Raising HDL cholesterol levels may reduce the risk of myocardial ischaemia/reperfusion injury

Administration of high-density lipoprotein (HDL) or one of its constituents, sphingosine-1-phosphate (S-1-P) protected against acute myocardial ischaemia/reperfusion injury in a mouse model. Based on these findings, raising HDL cholesterol levels could prove beneficial in patients at high risk of acute myocardial ischaemia.1

The current focus in managing acute myocardial infarction is rapid reperfusion of the infarcted myocardium by revascularisation of the occluded vessel. However, endothelial injury and inflammation that follow reperfusion (referred to as ischaemia/reperfusion injury) may compromise beneficial effects. No strategies are currently available to protect against this complication.

Sphingolipids such as S-1-P are constituents of HDL, responsible for part of the vasodilatory effects of HDL.2 Acute administration of reconstituted HDL normalises endothelial dysfunction in patients with raised cholesterol, via a mechanism that is mediated by nitric oxide (NO).3

Using a mouse model of myocardial reperfusion injury (involving 30 minutes of ischaemia followed by 24-hour reperfusion), researchers showed that prior intravenous administration of human HDL or S-1-P markedly attenuated the size of the infarction (by 20% and 40%, respectively). Further study showed that HDL and S-1-P achieved this effect by inhibiting inflammation and protecting cardiomyocytes (containing S-1-P receptors) against apoptosis, a process involving a genetically programmed series of events leading to the death of a cell. Cardioprotection mediated by HDL and S-1-P was dependent on NO, as inhibition of NO synthase, responsible for production of NO, before myocardial ischaemia/reperfusion completely abolished these effects. Additionally, neither HDL nor S-1-P had any effect in mice that were deficient in the S-1-P3 receptor, which binds both S-1-P and HDL and is involved in NO production. The authors concluded that HDL and its constituent S-1-P acutely protect the heart against ischaemia/reperfusion injury via an S-1-P3-mediated and NO-dependent pathway.

In patients at risk of myocardial ischaemia, levels of HDL and HDL-associated S-1-P may influence the extent of myocardial damage after acute ischaemia. Therapeutic strategies aimed at rapidly raising HDL levels and their S-1-P content may therefore represent a novel approach to counter reperfusion injury in such settings.

References

1. Theilmeier G, Schmidt C, Herrmann J et al. High-density lipoproteins and their constituent, sphingosine-1-phosphate, directly protect the heart against ischemia/reperfusion injury in vivo via the SIP3 lysophospholipid receptor. Circulation 2006;114:1403-9.

2. Nofer JR, van der Giet M, Tolle M et al. HDL induces NO-dependent vasorelaxation via the lysophospholipid receptor SIP3. J Clin Invest 2004;113:569-81.
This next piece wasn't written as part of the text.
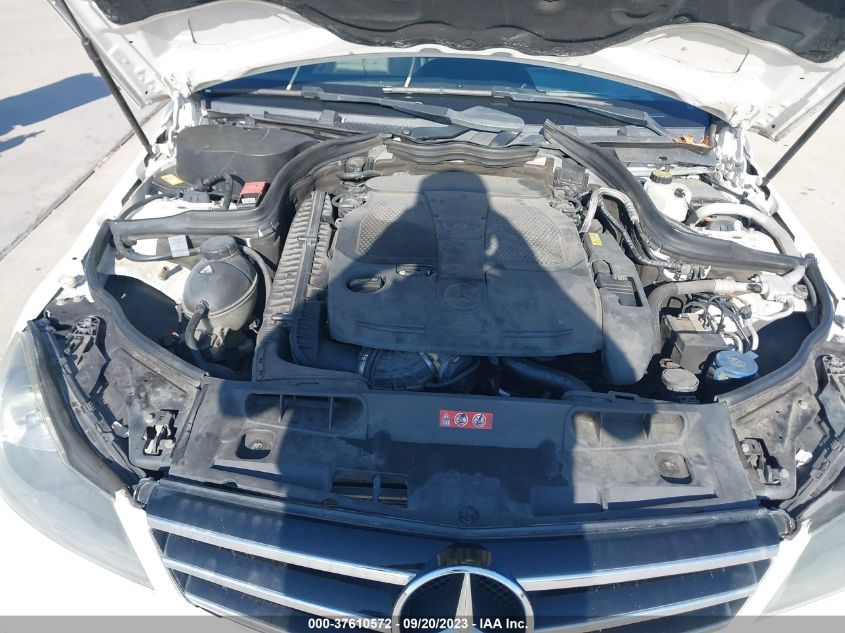 2014 MERCEDES-BENZ C-CLASS C 300 - WDDGF8AB4EG167929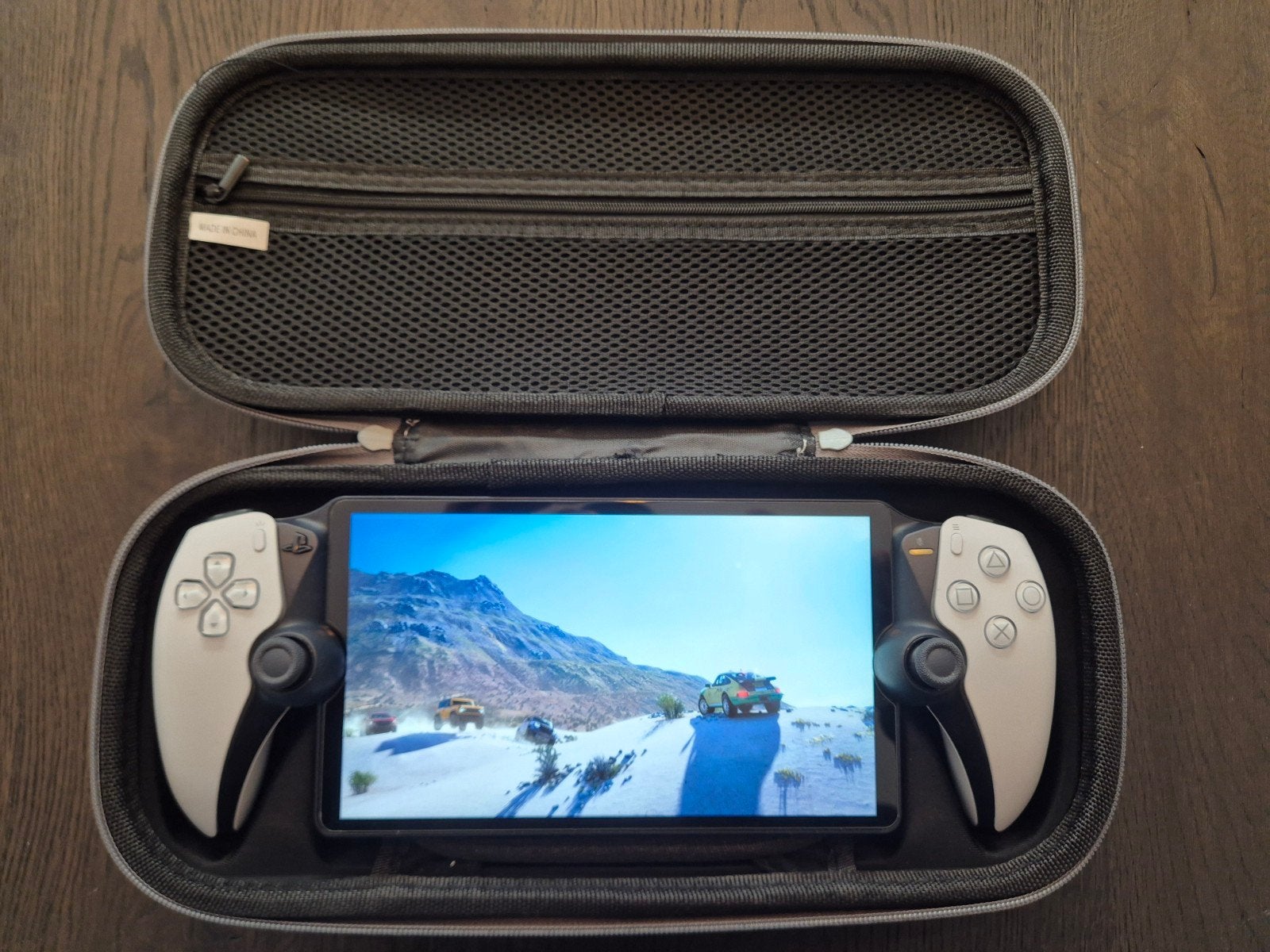 Foto 6 van Sony PlayStation Portal - Zo goed als nieuw met accessoires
3. Spieker LE, Sudano I, Hurlimann D et al. High-density lipoprotein restores endothelial function in hypercholesterolemic men. Circulation 2002;105:1399-1402.

Commentary

In line with the hypothesis that HDL-associated S-1-P may be implicated in the molecular and cellular mechanisms underlying the anti-apoptotic action of HDL on endothelial cells, these studies in a mouse model extend the cytoprotective role of HDL associated S-1-P to cardiomyocytes in the context of post-infarct reperfusion injury subsequent to infarct-induced ischaemia. Infusion of S-1-P-enriched HDL in the acute phase of myocardial infarction may therefore represent an innovative therapy to attenuate ischaemic myocardial damage.